Exercise details: Copy the records below in full and leave every image out of the copy.

Short text fragments from websites:
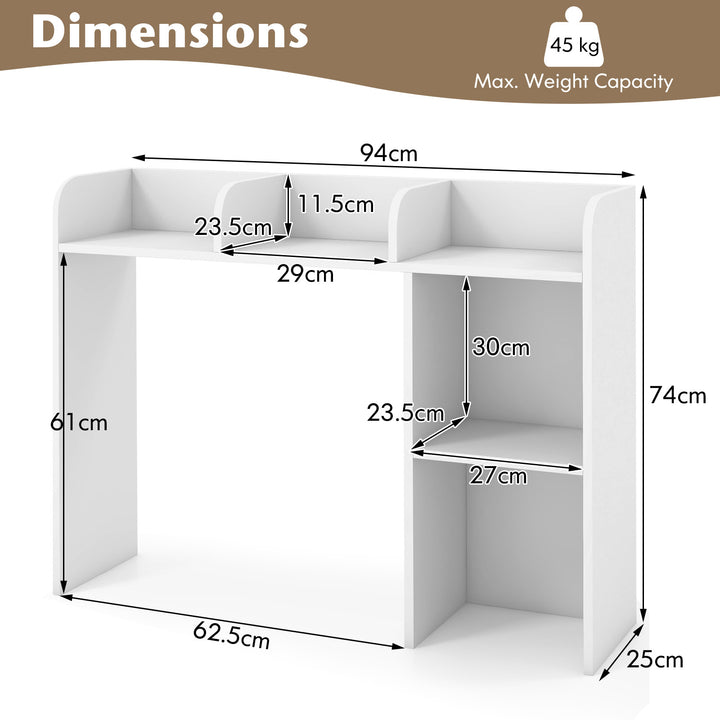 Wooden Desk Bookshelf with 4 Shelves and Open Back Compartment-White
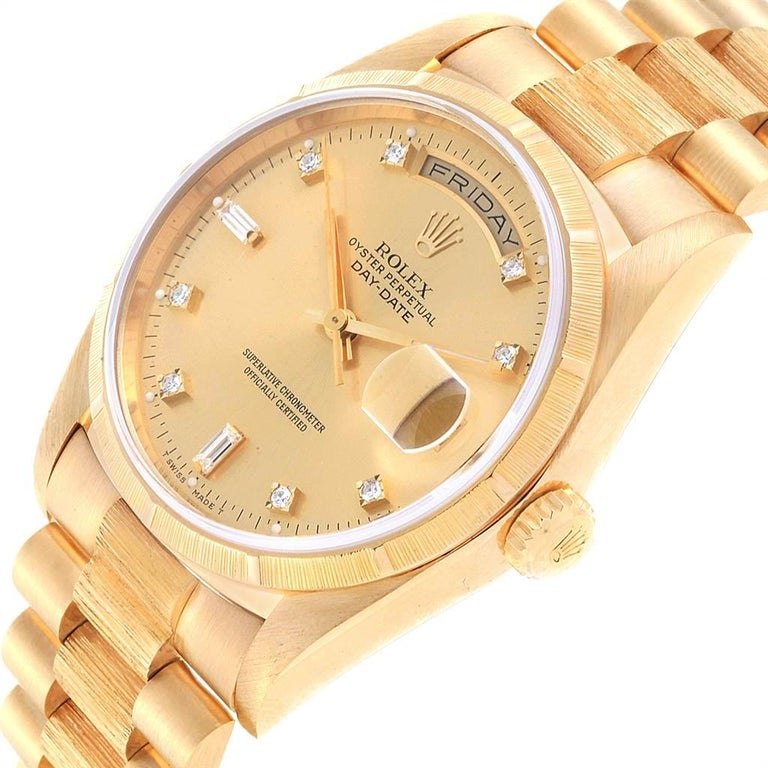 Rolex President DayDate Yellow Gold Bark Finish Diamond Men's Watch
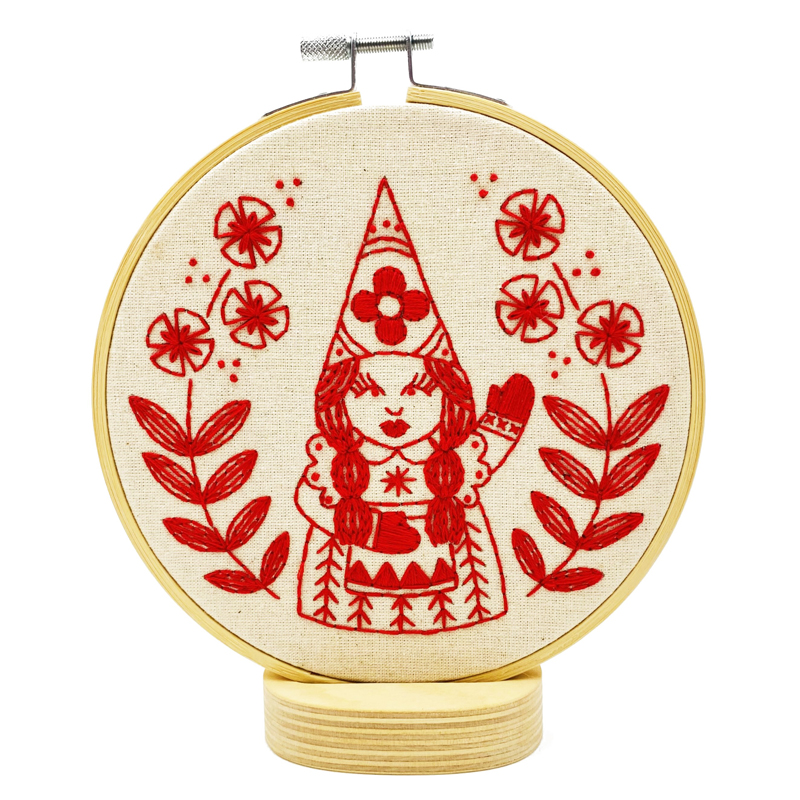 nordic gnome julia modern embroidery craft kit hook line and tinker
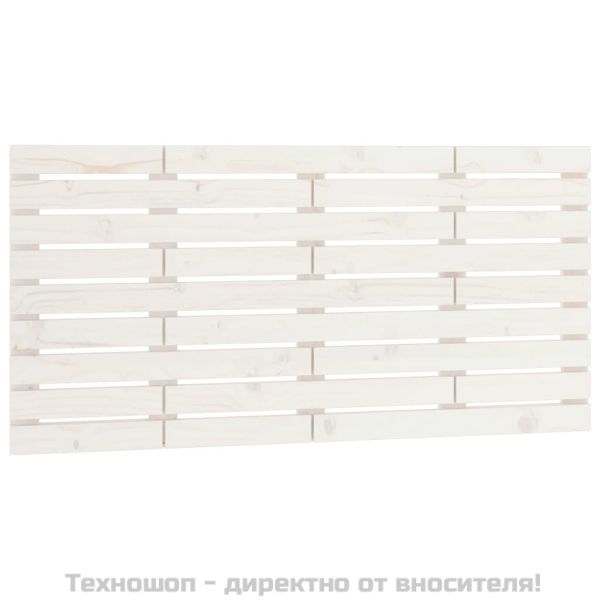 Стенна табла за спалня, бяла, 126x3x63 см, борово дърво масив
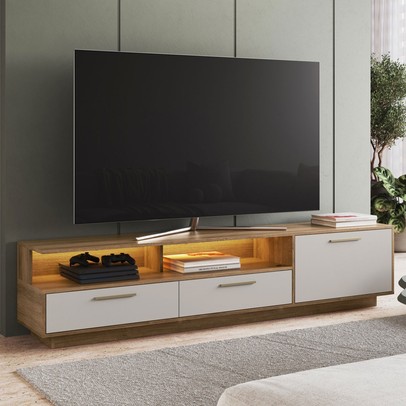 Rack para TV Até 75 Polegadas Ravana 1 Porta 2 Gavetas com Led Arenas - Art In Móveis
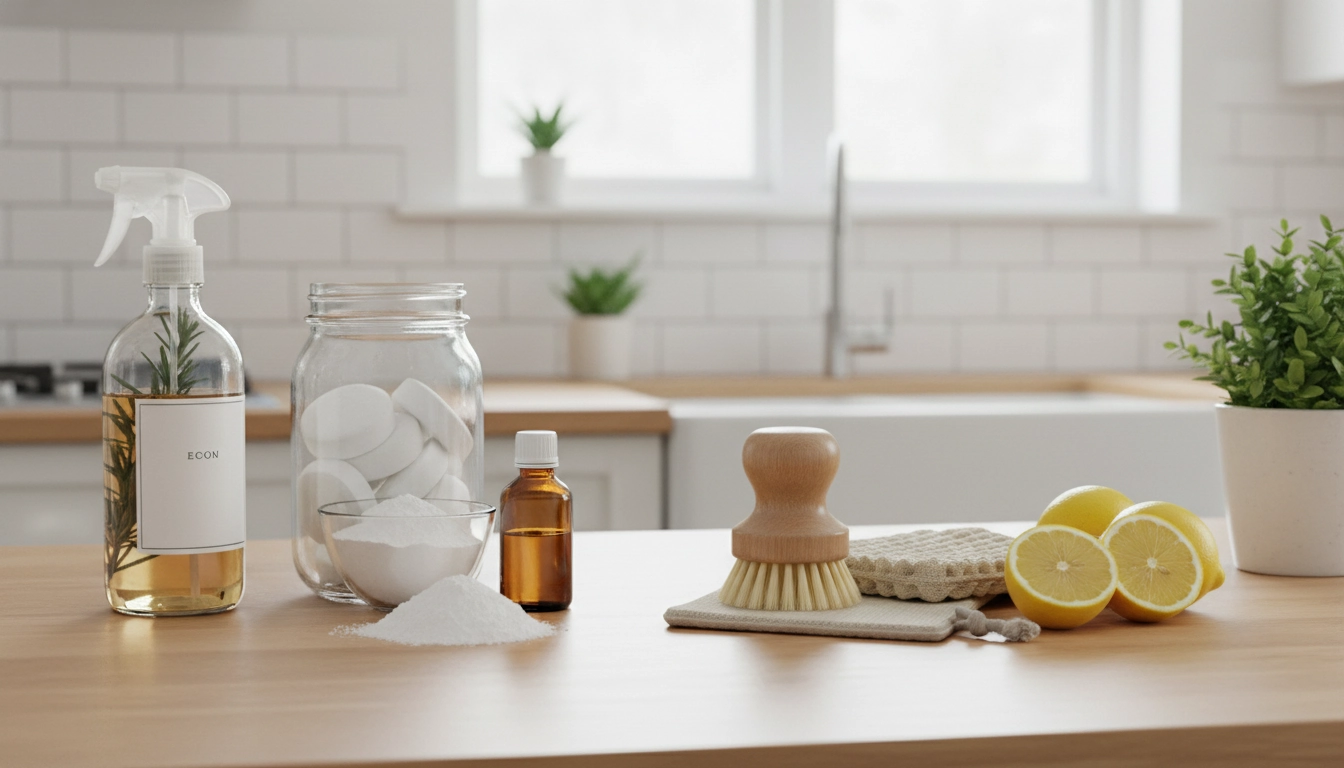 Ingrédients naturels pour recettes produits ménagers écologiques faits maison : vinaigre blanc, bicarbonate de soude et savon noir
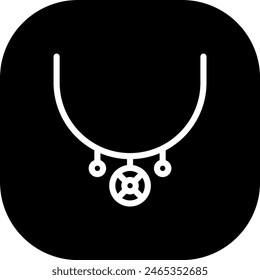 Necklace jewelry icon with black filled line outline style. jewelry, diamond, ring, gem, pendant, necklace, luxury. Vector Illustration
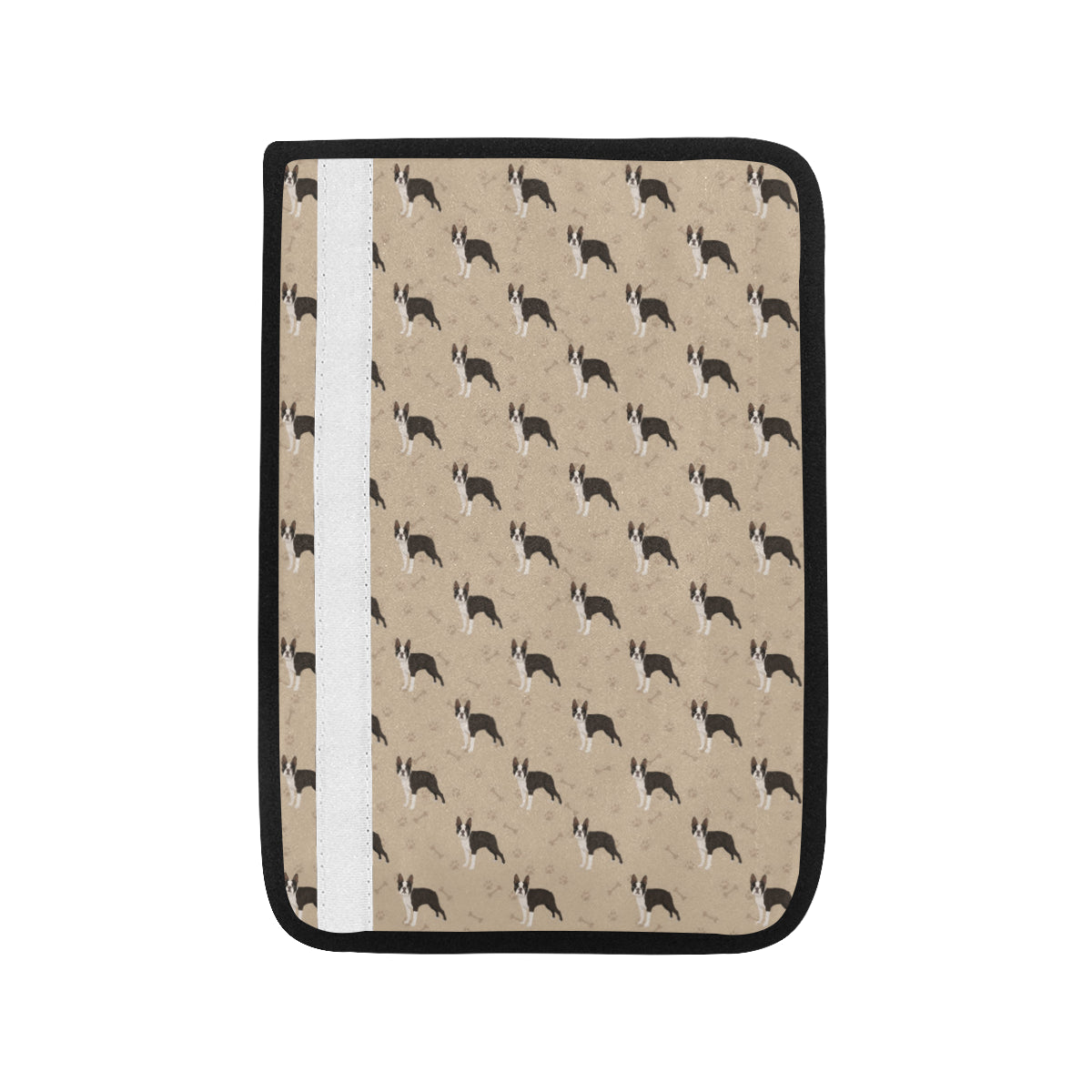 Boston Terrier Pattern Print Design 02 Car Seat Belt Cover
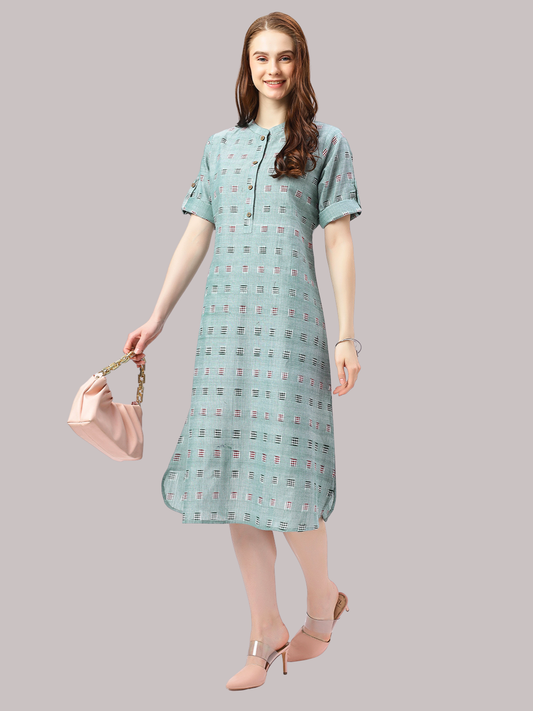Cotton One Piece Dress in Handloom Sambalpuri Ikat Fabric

Problem solution:
 Wooden Desk Bookshelf with 4 Shelves and Open Back Compartment-White
 Rolex President DayDate Yellow Gold Bark Finish Diamond Men's Watch
 nordic gnome julia modern embroidery craft kit hook line and tinker
 Стенна табла за спалня, бяла, 126x3x63 см, борово дърво масив
 Rack para TV Até 75 Polegadas Ravana 1 Porta 2 Gavetas com Led Arenas - Art In Móveis
 Ingrédients naturels pour recettes produits ménagers écologiques faits maison : vinaigre blanc, bicarbonate de soude et savon noir
 Necklace jewelry icon with black filled line outline style. jewelry, diamond, ring, gem, pendant, necklace, luxury. Vector Illustration
 Boston Terrier Pattern Print Design 02 Car Seat Belt Cover
Cotton One Piece Dress in Handloom Sambalpuri Ikat Fabric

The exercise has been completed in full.